The chart tests whether states with a larger modeled 2024 data-center electricity share also saw faster residential price growth from 2014 to 2024. This descriptive cross-section cannot trace facility opening dates, model price causes, or estimate the bill effect of a proposed project.
It uses EPRI’s 2024 low, medium, and high modeled state energy estimates; final EIA Form 861 state retail sales; and exact EIA residential average prices for 2014 and 2024. Each plotted point uses EPRI’s medium estimate. We calculated each share from those records.
share (%) = EPRI modeled 2024 data-center TWh
÷ EIA 2024 total retail-sales TWh × 100
price growth (%) = (EIA 2024 residential ¢/kWh
÷ EIA 2014 residential ¢/kWh − 1) × 100- Pearson r
- −0.124
- R²
- 0.015
- 95% interval for r
- −0.389 to +0.160
- Scope
- 50 states · descriptive · not causal
EPRI’s modeled values include cryptocurrency mining. They are not metered census data. Comparing a 2024 endpoint share with a ten-year outcome cannot reveal timing or local tariff effects. This simple state comparison found no faster 2014–2024 residential price growth in states with a higher modeled 2024 share.
Why there is no fixed “energy per scroll” number.

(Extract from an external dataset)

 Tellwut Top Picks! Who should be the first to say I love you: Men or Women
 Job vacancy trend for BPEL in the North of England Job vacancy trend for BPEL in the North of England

A digital action can trigger computation, storage, and network traffic. Its marginal energy changes with the service, workload, model, device, network, hardware, utilization, cooling, and power supply. Shared infrastructure also uses energy while waiting for or protecting against demand.
One person's action cannot be assigned a universal energy value or mapped to a new campus. Capacity planning responds to aggregate and peak use across many people and organizations. Dividing average system energy by actions produces an allocation, which may differ from the energy saved by skipping one action.
individual request → shared digital service
→ compute, storage, and network activity
→ aggregate and peak demand → capacity planningHow the health and ecology claims were reviewed.
This was a targeted review of primary government health, environmental, wildlife, permitting, and local assessment sources available through August 12, 2026. Advocacy claims and company fact sheets helped identify questions. Causal conclusions rely on the primary record.
Each claim was tested as a chain: identify a facility source, measure exposure at a receptor, establish dose and duration, match the exposure to applicable outcome evidence, and evaluate alternative causes. General evidence about diesel exhaust, environmental noise, habitat change, or artificial light may justify investigating a pathway. It cannot by itself attribute a local diagnosis or death.
source → receptor exposure → dose and duration
→ applicable outcome evidence → causal assessmentThe review did not locate a credible primary source directly attributing cancer or livestock deaths to a data center. Stronger direct evidence could change that conclusion. This was a targeted review, not a registered systematic review.
Why the land percentages are scale comparisons.
Virginia's legislative auditor estimated about 7,200 acres occupied by operating data centers in 2024. The site acreage was not parcel-matched to former farm use. Dividing it by USDA's 2022 “land in farms” total can show statewide scale; it cannot say those acres were farmland or assign a cause to changes in the agricultural statistic.
7,200 data-center acres ÷ 7,309,687 Virginia acres in farms
= 0.0985% scale comparison
7,200 data-center acres ÷ 488,292-acre net 2017–2022 decline
= 1.4745% scale comparison; no loss attribution“Land in farms” includes more than planted cropland and can change with farm definitions and reporting. Those limits prevent this comparison from attributing farmland loss to data centers. A project decision needs parcel-level former use, disturbed and impervious acreage, soil capability, habitat, utility corridors, and a local denominator from the same geography and period.
Publication rules
- Every educational number shows its metric, units, geography, period, evidence status, and source.
- A modeled value is never relabeled as observed. A permit cap is never plotted as actual emissions.
- Withdrawal, consumption, delivery, and discharge remain separate water metrics.
- Do not use a national baseline as a local verdict.
- Keep gaps and contradictions visible. Update the evidence record and related copy when corrections arrive.